U.S. courts have the discretionary power to dismiss or stay a case where principles of justice and convenience counsel in favor of the litigation being heard in a foreign court or tribunal, even if the court has personal jurisdiction over a defendant. Forum non conveniens is a common law doctrine that “finds its roots in the inherent power of the courts to manage their own affairs so as to achieve the orderly and expeditious disposition of cases.” [2] In determining whether to apply the doctrine, U.S. courts typically undertake a three-step analysis: (1) whether an adequate alternative forum is available; (2) how much deference should be given to the plaintiff’s choice of forum; and (3) the balance of private and public interest factors implicated in the choice of forum. The third step is typically fact-intensive. Relevant factors in the determination include the potential application of foreign law, the location of evidence and witnesses, the expenses that parties will incur by litigating in a particular forum, and the desire to have disputes settled locally. If, after conducting its three-part analysis, the court decides that the action is better suited to proceed in another forum, the case will be dismissed or stayed in favor of a foreign forum.

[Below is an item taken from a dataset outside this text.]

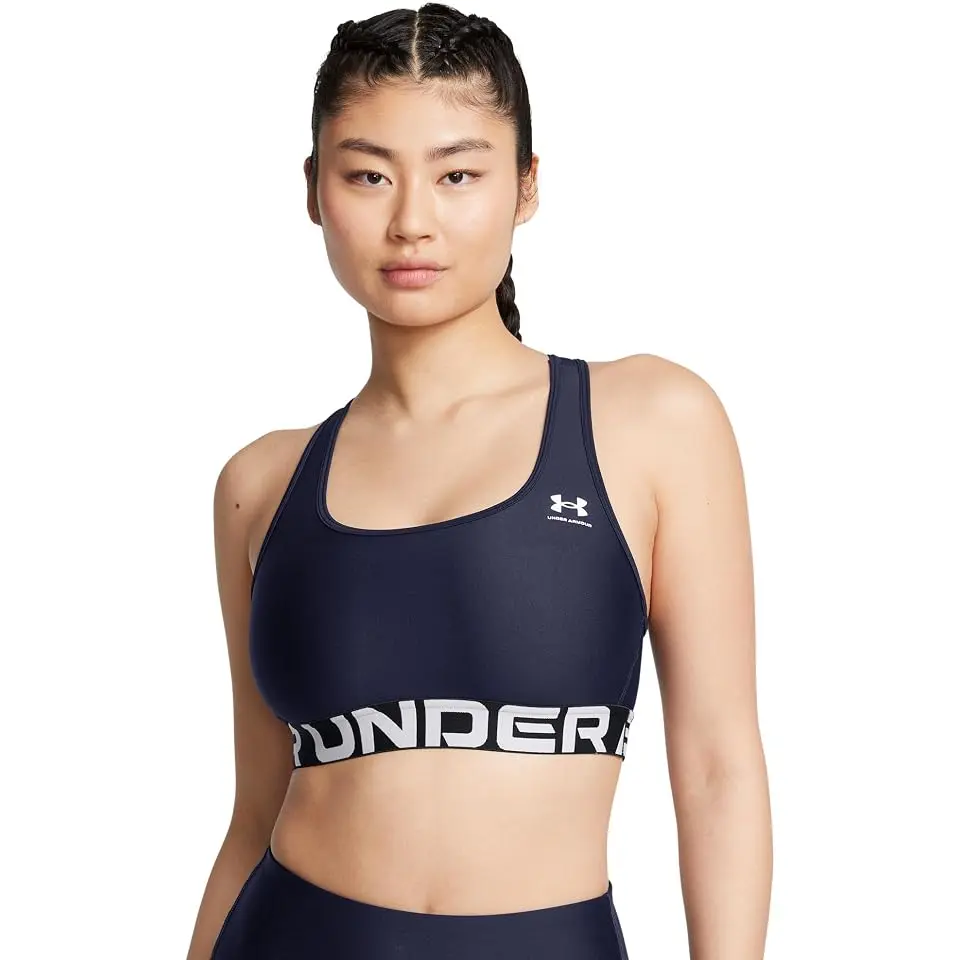 HeatGear Armour Mid Impact Branded Bra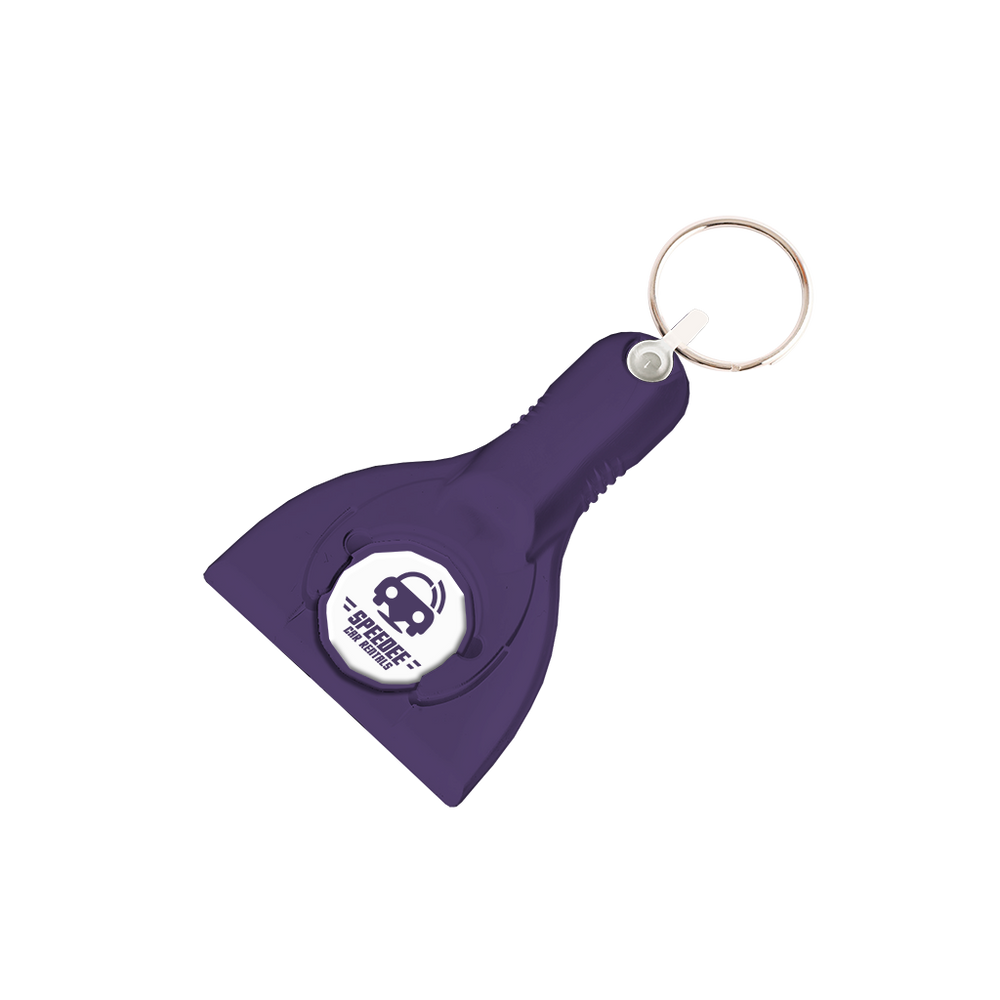 Ice Pop Ice Scraper Trolley Coin Keyring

In re Cadbury Shareholder Litigation

U.S. shareholders of Cadbury PLC, an English company, brought a class action lawsuit in federal district court in New Jersey against Cadbury and its board in connection with the unsolicited bid of Kraft Foods, Inc., a U.S. company, for control of Cadbury. Plaintiffs alleged that members of Cadbury’s board had breached various fiduciary duties by failing to engage in good faith negotiations with Kraft after receiving a proposed acquisition offer. Even though English law governed the conduct of Cadbury’s board as well as the bidding process, the purported class

action was brought in New Jersey federal district court. Defendants moved to dismiss the complaint on forum non conveniens grounds arguing, among other things, that the United Kingdom had a paramount interest in regulating companies organized under its laws (such as Cadbury) and in resolving such takeover disputes under its processes and procedures.

Following the three-step analysis outlined above, the court first set out to determine whether the United Kingdom was an adequate alternative forum for this dispute. In the United Kingdom, the Panel on Takeovers and Mergers (the “U.K. Takeover Panel”), an administrative (i.e., non-judicial) body, regulates the conduct of bidders and targets in takeover bids. Plaintiffs argued that this administrative body was an inadequate alternative forum to hear their dispute. Swiftly rejecting that argument, the court agreed “with the majority of other courts that have addressed this question” and found that “an administrative forum is not per se inadequate.” [3] The court found that the U.K. Takeover Panel had “features” — including the ability to enjoin persons from violating its rules, to compel the production of documents, and to order testimony regarding the alleged violation of its rules — that strongly indicated that the U.K. Takeover Panel was an adequate forum to resolve the types of claims being asserted by Cadbury’s shareholders.

The court afforded plaintiffs’ choice of New Jersey as the proper forum little deference. Although named plaintiffs were U.S. citizens, none of the parties resided in New Jersey, and seven of the nine defendants were U.K. citizens. As to the balancing of public and private interest factors, the court concluded that principles of comity and deference apply with special force in the change-of-control context, as “the direct interest of regulating the takeover of a [foreign] company — and the conduct of the company’s directors — is undoubtedly of enormous importance to [the country of incorporation].” The court found that “the focus of Plaintiffs’ complaint is the conduct of [foreign directors], which is necessarily governed by [foreign] laws.” Under these circumstances, any application of U.S. law would be of only secondary importance. The court thus granted defendants’ motion to dismiss on forum non conveniens grounds in favor of the United Kingdom.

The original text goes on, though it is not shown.